Make a date with 108 ~ A Winter Solstice Celebration
Charge your battery with 108 Sun-Salutes
Saturday, December 21st 5:30-8:30 pm
Cost $35- Early-bird price if you register by December 20th
(register after 12/20 or drop in for - $40)
Please join us for our annual 108 sun salute practice. This practice will entail 108 sun salutes intertwined with poses that will help balance your body and mind along the way. Stay after for some refreshments and feel free to bring something to share. We will have chai and something to warm your belly and balance your blood sugar.
The sun, in some traditions symbolizes our soul and the word "solstice," in Latin, means sun standing still.
The longest night contains the most hours of darkness. This can be a magical time to tap into your intentions and to bring forward the new seeds you wish to plant.
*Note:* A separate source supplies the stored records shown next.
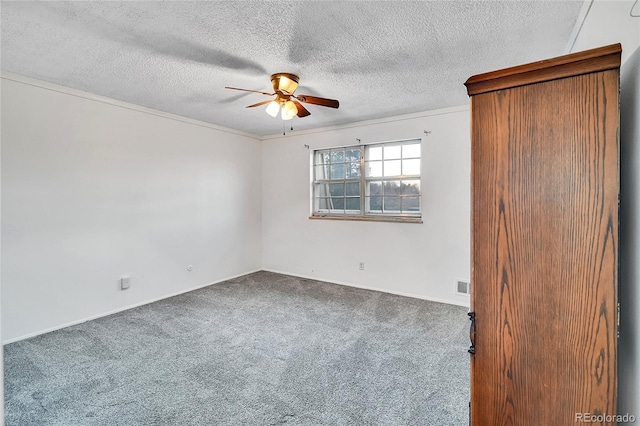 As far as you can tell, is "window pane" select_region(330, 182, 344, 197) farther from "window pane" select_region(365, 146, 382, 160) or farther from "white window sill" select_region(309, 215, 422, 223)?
"window pane" select_region(365, 146, 382, 160)

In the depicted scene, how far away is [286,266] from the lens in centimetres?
522

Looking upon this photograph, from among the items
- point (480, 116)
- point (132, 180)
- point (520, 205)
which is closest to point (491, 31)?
point (480, 116)

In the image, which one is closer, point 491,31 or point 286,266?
point 491,31

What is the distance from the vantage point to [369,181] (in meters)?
4.52

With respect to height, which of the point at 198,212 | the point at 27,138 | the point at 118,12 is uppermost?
the point at 118,12

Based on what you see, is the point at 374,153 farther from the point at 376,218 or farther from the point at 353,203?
the point at 376,218

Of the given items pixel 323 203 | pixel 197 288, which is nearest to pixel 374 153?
pixel 323 203

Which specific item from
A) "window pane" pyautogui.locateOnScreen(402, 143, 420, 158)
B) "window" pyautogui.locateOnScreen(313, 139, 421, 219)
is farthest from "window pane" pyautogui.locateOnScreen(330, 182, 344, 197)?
"window pane" pyautogui.locateOnScreen(402, 143, 420, 158)

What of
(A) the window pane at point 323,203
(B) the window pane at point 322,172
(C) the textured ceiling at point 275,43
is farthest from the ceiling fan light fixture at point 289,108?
(A) the window pane at point 323,203

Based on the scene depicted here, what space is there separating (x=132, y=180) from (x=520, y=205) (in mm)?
3944

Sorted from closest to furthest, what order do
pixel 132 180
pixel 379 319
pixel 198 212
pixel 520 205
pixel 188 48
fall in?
pixel 520 205
pixel 188 48
pixel 379 319
pixel 132 180
pixel 198 212

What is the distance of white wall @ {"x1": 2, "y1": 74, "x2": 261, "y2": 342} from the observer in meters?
2.80

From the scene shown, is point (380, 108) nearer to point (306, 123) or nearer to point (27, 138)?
point (306, 123)

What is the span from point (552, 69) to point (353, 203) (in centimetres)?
378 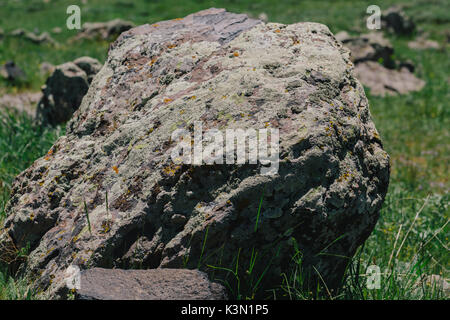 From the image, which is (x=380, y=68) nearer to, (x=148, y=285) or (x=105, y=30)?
(x=105, y=30)

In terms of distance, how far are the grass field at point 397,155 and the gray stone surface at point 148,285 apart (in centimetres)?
48

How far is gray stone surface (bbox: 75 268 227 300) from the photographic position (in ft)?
8.96

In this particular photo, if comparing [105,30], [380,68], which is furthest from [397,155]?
[105,30]

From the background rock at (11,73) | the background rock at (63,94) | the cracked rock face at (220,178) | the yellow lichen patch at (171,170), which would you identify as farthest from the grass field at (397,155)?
the yellow lichen patch at (171,170)

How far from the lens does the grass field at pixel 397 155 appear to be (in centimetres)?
343

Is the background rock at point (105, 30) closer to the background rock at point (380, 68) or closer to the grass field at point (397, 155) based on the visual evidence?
the grass field at point (397, 155)

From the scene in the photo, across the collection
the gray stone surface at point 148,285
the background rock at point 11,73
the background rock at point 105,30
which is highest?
the background rock at point 105,30

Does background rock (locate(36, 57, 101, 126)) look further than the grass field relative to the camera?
Yes

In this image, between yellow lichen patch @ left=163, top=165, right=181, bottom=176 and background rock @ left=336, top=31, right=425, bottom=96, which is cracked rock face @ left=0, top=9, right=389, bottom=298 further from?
background rock @ left=336, top=31, right=425, bottom=96

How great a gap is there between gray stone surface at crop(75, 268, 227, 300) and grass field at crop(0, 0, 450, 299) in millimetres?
478

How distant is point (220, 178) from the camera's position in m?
3.03

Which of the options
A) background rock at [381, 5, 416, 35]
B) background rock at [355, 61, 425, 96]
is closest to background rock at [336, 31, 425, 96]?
background rock at [355, 61, 425, 96]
In the Yoga Sutras of Patanjali, a text written to preserve and clarify the ancient oral teachings of yoga, Patanjali teaches us five personal observances. These observances or Niyamas, are intended to help bring us into alignment with our Highest most true Self.
Saucha (purity) - Saucha can be mistakenly thought of as just a strict set of moral rules. The word purity can imply that what the world has to offer, the foods, thoughts, activities, and people are impure and I need to avoid them so that I will not be contaminated. But if we look at Saucha as a deeper reflection into the intentions in the heart we may see that it is much deeper. Can I come from a place of compassion rather than judgment? Can I use common sense and practical insight and act more mindfully. When we practice saucha from this perspective we tap into a much deeper stream than just the outcome of our actions.
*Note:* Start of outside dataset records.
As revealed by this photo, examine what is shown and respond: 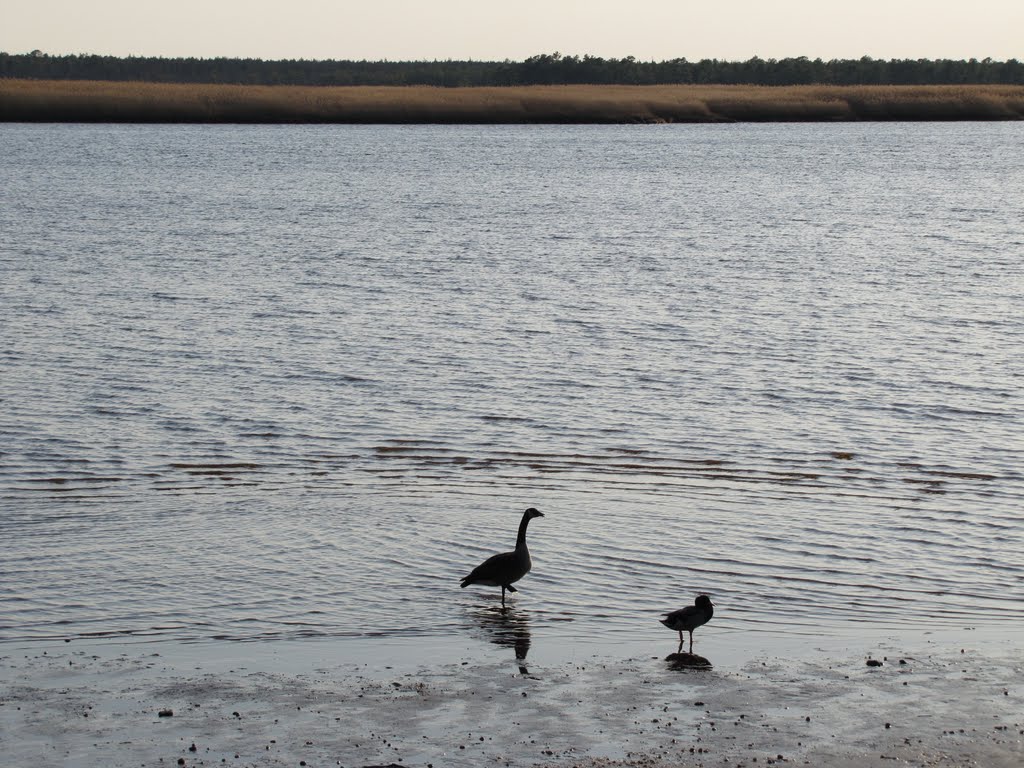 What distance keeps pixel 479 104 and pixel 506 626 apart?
140m

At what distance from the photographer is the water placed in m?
14.9

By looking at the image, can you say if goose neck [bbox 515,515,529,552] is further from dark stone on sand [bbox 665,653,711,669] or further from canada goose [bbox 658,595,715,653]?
dark stone on sand [bbox 665,653,711,669]

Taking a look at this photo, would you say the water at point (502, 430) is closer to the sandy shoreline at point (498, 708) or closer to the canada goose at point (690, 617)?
the canada goose at point (690, 617)

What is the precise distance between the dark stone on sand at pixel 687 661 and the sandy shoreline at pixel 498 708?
0.39 feet

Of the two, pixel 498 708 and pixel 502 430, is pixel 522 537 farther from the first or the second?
pixel 502 430

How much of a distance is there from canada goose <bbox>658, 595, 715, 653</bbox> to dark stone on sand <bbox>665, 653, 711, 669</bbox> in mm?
155

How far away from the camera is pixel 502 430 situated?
2322cm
Santosa (contentment) - Peace of mind can not rely on external circumstances, which are always changing in ways that are beyond our control. Santosa requires our willingness to enjoy exactly what each day brings, to be happy with what we have, whether that is a lot or a little. This niyama uncovers the insignificance of achievement, material wealth and success. Not that these things are bad but they can not in themselves bring us contentment. Santosa also asks us, can we be equally willing to be content in the midst of difficulty, remain open in the midst of pain, accept those around us as they truly are, not as we want them to be. To know this kind of contentment is true freedom.
Tapas (discipline) - The word tapas comes from the sanskrit verb "tap" which means "to burn" or "heat" - specifically the kind of heat generated by certain yogic practices, or a certain approach to yogic practice that cultivates a burning off of impurities. This doesn't necessarily mean that your practice needs to be physically difficult. It could be that sitting in meditation is very challenging for you and that is your form of tapas. Another meaning of tapas, is the friction generated by going against the grain of habit. Changing what we do and how we do it with constant and consistent practice. Doing your practice every day, sitting in meditation every day, responding with love and forgiveness for the 100th time.
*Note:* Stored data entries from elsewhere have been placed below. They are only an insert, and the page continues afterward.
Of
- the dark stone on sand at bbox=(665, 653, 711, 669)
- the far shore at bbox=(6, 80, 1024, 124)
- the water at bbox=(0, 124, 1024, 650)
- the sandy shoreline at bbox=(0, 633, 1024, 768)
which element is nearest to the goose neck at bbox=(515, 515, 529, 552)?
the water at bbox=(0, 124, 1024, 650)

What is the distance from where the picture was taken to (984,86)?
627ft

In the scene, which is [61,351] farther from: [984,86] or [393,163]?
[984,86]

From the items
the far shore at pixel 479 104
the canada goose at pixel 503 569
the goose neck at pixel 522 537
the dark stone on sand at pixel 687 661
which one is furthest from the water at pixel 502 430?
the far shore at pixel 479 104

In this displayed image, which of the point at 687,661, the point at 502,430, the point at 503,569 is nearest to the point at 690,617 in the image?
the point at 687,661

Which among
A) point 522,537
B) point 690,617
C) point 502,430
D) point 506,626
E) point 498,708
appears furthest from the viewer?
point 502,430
Svadhyaya (self-study) - In a way, yoga in general could be looked at as the study of the Self. Svadhyaya is sourced from sva, or Self (soul, atman, or higher self); dhy, is related to the word "dhyana" which means meditation; and "ya," a suffix that invokes action. Taken as a whole, svadhyaya means "the action of meditating on or considering the nature of the Self." In yogic practice, svadhyaya has most traditionally been concerned with the study of yoga scriptures. Perhaps svadhyaya can be inclusive of any practice that yokes us with the the nature of the Self. To me this could be studying the niyamas here with you today, practicing 108 sun-salutes, or taking in the beauty in nature.
Shvaraprandhana (surrender to or alignment with the Divine) -
Isvara is a sanskrit word that can be translated to mean supreme, or personal, Lord and the word "pranidhana" conveys the feeling of surrender, to dedicate or devote to. So the practice of (S) isvara pranidhana is when we are able to completely surrender, give up and/or devote the fruits of all our actions to God (our own higher self). In doing so we surrender our ego identities and go beyond feelings of separateness to experience the God that dwells in all beings. This is a full surrender, without reservation "I give You myself: my body, my mind and my heart." The essence of Shvaraprandhana is us showing up in service to our best self, offering our gifts (our work) and then letting go of all attachment to the outcome of our actions. In doing this we release our fears and hopes for the future and instead accept that the way life is unfolding to be part of a pattern too complex to understand.
When we really look at and into ourselves we remember that our yoga practice is designed to draw us into alignment with the very Highest. We choose to channel our energy into something much greater than we can imagine.
Here are some questions to ask yourself as you look back on your journey from the Summer Solstice.
Will you live these questions in the weeks building up to the Winter Solstice?
What have I been nurturing?
What seeds have I planted and watched grow?
Now look at how you can clear space and make room for even more light.
What am I willing to let go of?
What will I clear out to make way for the new?
What is my resistance?
Now we look forward to the return of the light (following the Winter Solstice)
What is important to me in the season ahead?
What do I value?
What will I bring out into the light and let shine?
What will I give?
What do I want to realize and see come into fruition?